Film, Jessica Bruder’ın aynı adlı kitabından uyarlanmış. Yönetmenliğini Chloe Zhao’nun yaptığı film, Amerika’nın batısındaki boş arazilerde yaşayan yoksul insanların hayatını anlatıyor. Filmdeki ana karakterimiz Fern, yaşadığı kasabanın fabrikasının kapanması sonrası işsiz kalmıştır. Kendisine yeni bir yaşam kurma arayışı içine giren Fern, evsiz bir şekilde karavanı ile birlikte yollara düşer ve Amerika’yı keşfetmeye başlar.
Filmdeki teması “yolda olmak” olarak belirleyebiliriz.
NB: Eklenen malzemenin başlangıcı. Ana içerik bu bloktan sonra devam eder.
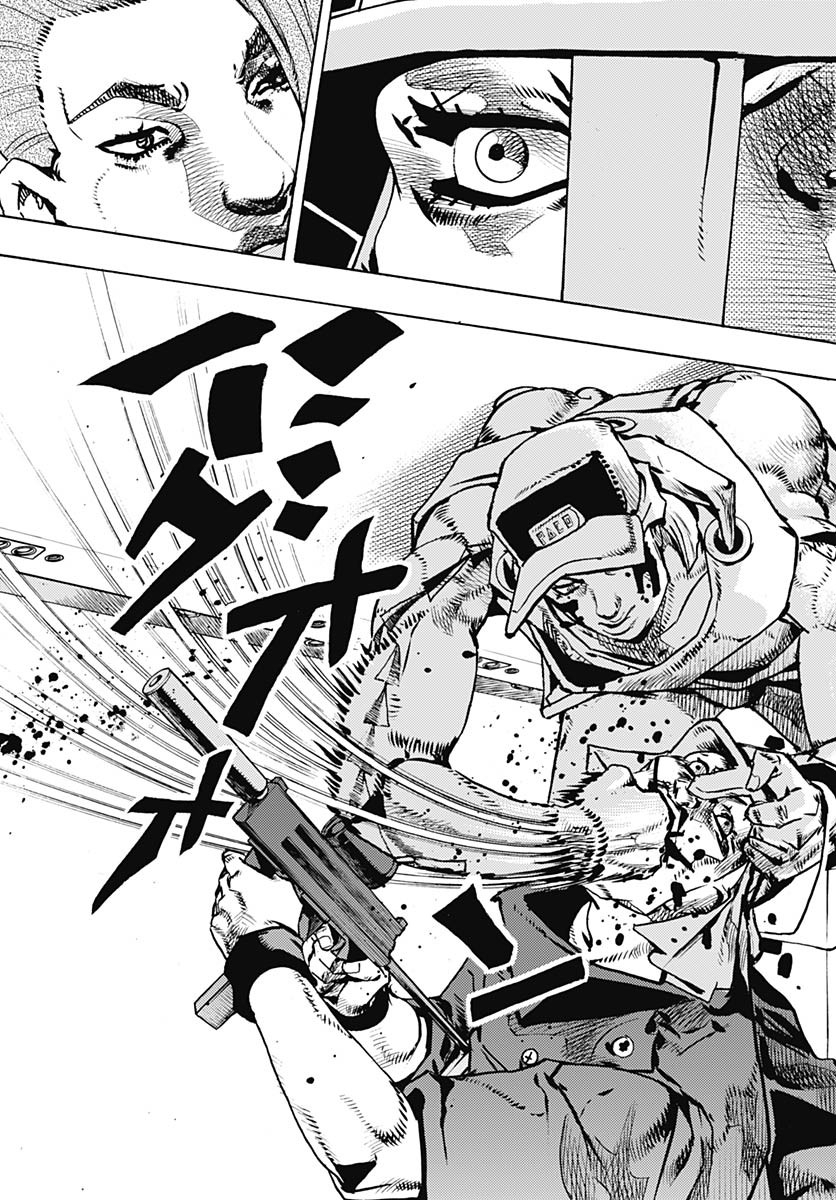 JoJo no Kimyou na Bouken Part 9: The JOJOLands Chapter 26 3ページ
Fern’in yalnızlığı, özgürlüğü, hayatta kalmak için verdiği mücadeleler, doğadan aldığı güç ve insanların birbirine olan yardımı gibi konulara yer veriliyor. Film boyunca, Amerika’nın doğal güzellikleri ve geniş boş arazileri de görsel olarak izleyiciye sunuluyor.
Frances McDormand’ın harika performansı sayesinde, Fern karakteri gerçekçi ve inandırıcı bir şekilde yansıtılmış. Diğer karakterler de gerçek hayatta bu şekilde yaşayan insanlar tarafından canlandırılmış. Bu nedenle film, belgesel tadında bir hava taşıyor.
Yönetmen Chloe Zhao, filmde doğal ışık kullanımı, çekim açıları ve sürrealistik sahneler ile dikkat çekiyor. Filmin müzikleri ise Ludovico Einaudi tarafından bestelenmiş ve filmdeki hüzünlü havayı destekliyor.
Filmdeki tempo yavaş olsa da, sürükleyici bir hikaye anlatımı ve başarılı oyunculuklar sayesinde izleyiciyi kendine çekmeyi başarıyor. Nomadland, doğa ve insan arasındaki bağın derinliğini gözler önüne seriyor ve izleyiciyi duygusal bir yolculuğa çıkarıyor.
Sonuç olarak Nomadland, ince detayları, başarılı oyunculukları ve etkileyici hikayesi ile muhteşem bir film. İzleyiciyi, Amerika’nın doğal güzellikleri ve insanlarının yaşam mücadelesi ile buluşturuyor. Kesinlikle izlenmesi gereken bir yapım.